## [WHAT NEEDS TO BE DONE]
Can you quote the records below in full, word for word?

## [EXERCISE MATERIALS]
┄┄┄┄┄┄

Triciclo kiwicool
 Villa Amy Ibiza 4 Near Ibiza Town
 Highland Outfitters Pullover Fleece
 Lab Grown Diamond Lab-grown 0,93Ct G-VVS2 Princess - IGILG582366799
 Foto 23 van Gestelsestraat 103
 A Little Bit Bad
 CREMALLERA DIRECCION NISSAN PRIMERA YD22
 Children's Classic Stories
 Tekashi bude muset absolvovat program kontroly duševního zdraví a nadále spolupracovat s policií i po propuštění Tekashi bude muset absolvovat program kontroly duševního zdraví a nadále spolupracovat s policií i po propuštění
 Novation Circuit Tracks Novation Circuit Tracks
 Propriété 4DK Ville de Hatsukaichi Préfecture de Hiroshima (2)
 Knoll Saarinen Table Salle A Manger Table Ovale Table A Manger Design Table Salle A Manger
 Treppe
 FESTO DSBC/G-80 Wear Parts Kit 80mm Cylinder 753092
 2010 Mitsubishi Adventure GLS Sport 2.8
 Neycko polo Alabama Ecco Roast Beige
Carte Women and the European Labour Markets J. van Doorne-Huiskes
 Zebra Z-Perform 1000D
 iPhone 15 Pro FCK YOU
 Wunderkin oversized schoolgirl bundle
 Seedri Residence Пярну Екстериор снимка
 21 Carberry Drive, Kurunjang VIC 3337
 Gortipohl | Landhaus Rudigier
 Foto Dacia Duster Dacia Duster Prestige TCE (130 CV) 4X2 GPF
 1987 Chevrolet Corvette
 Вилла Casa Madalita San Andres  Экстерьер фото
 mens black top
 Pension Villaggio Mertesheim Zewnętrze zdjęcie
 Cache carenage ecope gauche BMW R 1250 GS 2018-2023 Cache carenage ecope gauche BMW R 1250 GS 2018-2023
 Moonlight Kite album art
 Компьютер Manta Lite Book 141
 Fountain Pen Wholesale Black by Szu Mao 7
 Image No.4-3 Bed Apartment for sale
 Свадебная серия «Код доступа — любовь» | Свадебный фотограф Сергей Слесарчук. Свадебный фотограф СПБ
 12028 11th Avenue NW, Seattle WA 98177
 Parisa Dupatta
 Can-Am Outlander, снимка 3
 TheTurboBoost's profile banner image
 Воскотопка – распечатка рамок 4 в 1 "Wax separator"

┄┄┄┄┄┄

## [WRITTEN SOLUTION]
Triciclo kiwicool
 Villa Amy Ibiza 4 Near Ibiza Town
 Highland Outfitters Pullover Fleece
 Lab Grown Diamond Lab-grown 0,93Ct G-VVS2 Princess - IGILG582366799
 Foto 23 van Gestelsestraat 103
 A Little Bit Bad
 CREMALLERA DIRECCION NISSAN PRIMERA YD22
 Children's Classic Stories
 Tekashi bude muset absolvovat program kontroly duševního zdraví a nadále spolupracovat s policií i po propuštění Tekashi bude muset absolvovat program kontroly duševního zdraví a nadále spolupracovat s policií i po propuštění
 Novation Circuit Tracks Novation Circuit Tracks
 Propriété 4DK Ville de Hatsukaichi Préfecture de Hiroshima (2)
 Knoll Saarinen Table Salle A Manger Table Ovale Table A Manger Design Table Salle A Manger
 Treppe
 FESTO DSBC/G-80 Wear Parts Kit 80mm Cylinder 753092
 2010 Mitsubishi Adventure GLS Sport 2.8
 Neycko polo Alabama Ecco Roast Beige
Carte Women and the European Labour Markets J. van Doorne-Huiskes
 Zebra Z-Perform 1000D
 iPhone 15 Pro FCK YOU
 Wunderkin oversized schoolgirl bundle
 Seedri Residence Пярну Екстериор снимка
 21 Carberry Drive, Kurunjang VIC 3337
 Gortipohl | Landhaus Rudigier
 Foto Dacia Duster Dacia Duster Prestige TCE (130 CV) 4X2 GPF
 1987 Chevrolet Corvette
 Вилла Casa Madalita San Andres  Экстерьер фото
 mens black top
 Pension Villaggio Mertesheim Zewnętrze zdjęcie
 Cache carenage ecope gauche BMW R 1250 GS 2018-2023 Cache carenage ecope gauche BMW R 1250 GS 2018-2023
 Moonlight Kite album art
 Компьютер Manta Lite Book 141
 Fountain Pen Wholesale Black by Szu Mao 7
 Image No.4-3 Bed Apartment for sale
 Свадебная серия «Код доступа — любовь» | Свадебный фотограф Сергей Слесарчук. Свадебный фотограф СПБ
 12028 11th Avenue NW, Seattle WA 98177
 Parisa Dupatta
 Can-Am Outlander, снимка 3
 TheTurboBoost's profile banner image
 Воскотопка – распечатка рамок 4 в 1 "Wax separator"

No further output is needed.